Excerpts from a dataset
-=-=-=-=-

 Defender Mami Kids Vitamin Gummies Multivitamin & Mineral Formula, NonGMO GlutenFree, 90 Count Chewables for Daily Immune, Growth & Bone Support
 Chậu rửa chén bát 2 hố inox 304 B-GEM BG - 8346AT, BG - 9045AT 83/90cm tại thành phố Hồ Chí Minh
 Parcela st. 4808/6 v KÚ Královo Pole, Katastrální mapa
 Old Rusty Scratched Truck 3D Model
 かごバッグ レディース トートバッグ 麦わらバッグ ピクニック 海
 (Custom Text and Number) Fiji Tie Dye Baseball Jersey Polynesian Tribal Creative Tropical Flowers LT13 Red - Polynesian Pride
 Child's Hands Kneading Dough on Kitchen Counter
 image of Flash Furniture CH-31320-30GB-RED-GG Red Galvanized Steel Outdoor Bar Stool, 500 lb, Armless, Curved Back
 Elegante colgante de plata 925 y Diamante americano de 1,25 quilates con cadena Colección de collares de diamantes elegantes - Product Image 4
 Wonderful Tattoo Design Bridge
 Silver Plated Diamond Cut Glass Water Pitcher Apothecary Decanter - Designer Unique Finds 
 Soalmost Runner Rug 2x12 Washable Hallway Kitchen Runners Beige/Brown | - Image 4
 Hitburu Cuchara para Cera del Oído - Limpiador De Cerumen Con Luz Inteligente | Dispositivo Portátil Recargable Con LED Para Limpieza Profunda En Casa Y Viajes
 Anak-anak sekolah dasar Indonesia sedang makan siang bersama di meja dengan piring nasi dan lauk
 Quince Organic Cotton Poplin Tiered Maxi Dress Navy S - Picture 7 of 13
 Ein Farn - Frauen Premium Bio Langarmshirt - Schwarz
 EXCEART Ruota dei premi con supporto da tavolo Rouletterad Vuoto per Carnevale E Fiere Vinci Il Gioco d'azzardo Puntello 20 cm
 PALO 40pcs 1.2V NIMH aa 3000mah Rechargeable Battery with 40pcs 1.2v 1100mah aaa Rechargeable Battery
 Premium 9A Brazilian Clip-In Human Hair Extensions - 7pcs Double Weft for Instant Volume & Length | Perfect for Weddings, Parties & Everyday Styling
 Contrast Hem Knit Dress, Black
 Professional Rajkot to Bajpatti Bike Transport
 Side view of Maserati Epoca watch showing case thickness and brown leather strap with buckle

-=-=-=-=-

● **EXERCISE INSTRUCTIONS**: Give back every line from the beginning of the records through the line holding "EXCEART Ruota dei", exactly as it reads, and leave out the rest.

● **RESULT BELOW**:
 Defender Mami Kids Vitamin Gummies Multivitamin & Mineral Formula, NonGMO GlutenFree, 90 Count Chewables for Daily Immune, Growth & Bone Support
 Chậu rửa chén bát 2 hố inox 304 B-GEM BG - 8346AT, BG - 9045AT 83/90cm tại thành phố Hồ Chí Minh
 Parcela st. 4808/6 v KÚ Královo Pole, Katastrální mapa
 Old Rusty Scratched Truck 3D Model
 かごバッグ レディース トートバッグ 麦わらバッグ ピクニック 海
 (Custom Text and Number) Fiji Tie Dye Baseball Jersey Polynesian Tribal Creative Tropical Flowers LT13 Red - Polynesian Pride
 Child's Hands Kneading Dough on Kitchen Counter
 image of Flash Furniture CH-31320-30GB-RED-GG Red Galvanized Steel Outdoor Bar Stool, 500 lb, Armless, Curved Back
 Elegante colgante de plata 925 y Diamante americano de 1,25 quilates con cadena Colección de collares de diamantes elegantes - Product Image 4
 Wonderful Tattoo Design Bridge
 Silver Plated Diamond Cut Glass Water Pitcher Apothecary Decanter - Designer Unique Finds 
 Soalmost Runner Rug 2x12 Washable Hallway Kitchen Runners Beige/Brown | - Image 4
 Hitburu Cuchara para Cera del Oído - Limpiador De Cerumen Con Luz Inteligente | Dispositivo Portátil Recargable Con LED Para Limpieza Profunda En Casa Y Viajes
 Anak-anak sekolah dasar Indonesia sedang makan siang bersama di meja dengan piring nasi dan lauk
 Quince Organic Cotton Poplin Tiered Maxi Dress Navy S - Picture 7 of 13
 Ein Farn - Frauen Premium Bio Langarmshirt - Schwarz
 EXCEART Ruota dei premi con supporto da tavolo Rouletterad Vuoto per Carnevale E Fiere Vinci Il Gioco d'azzardo Puntello 20 cm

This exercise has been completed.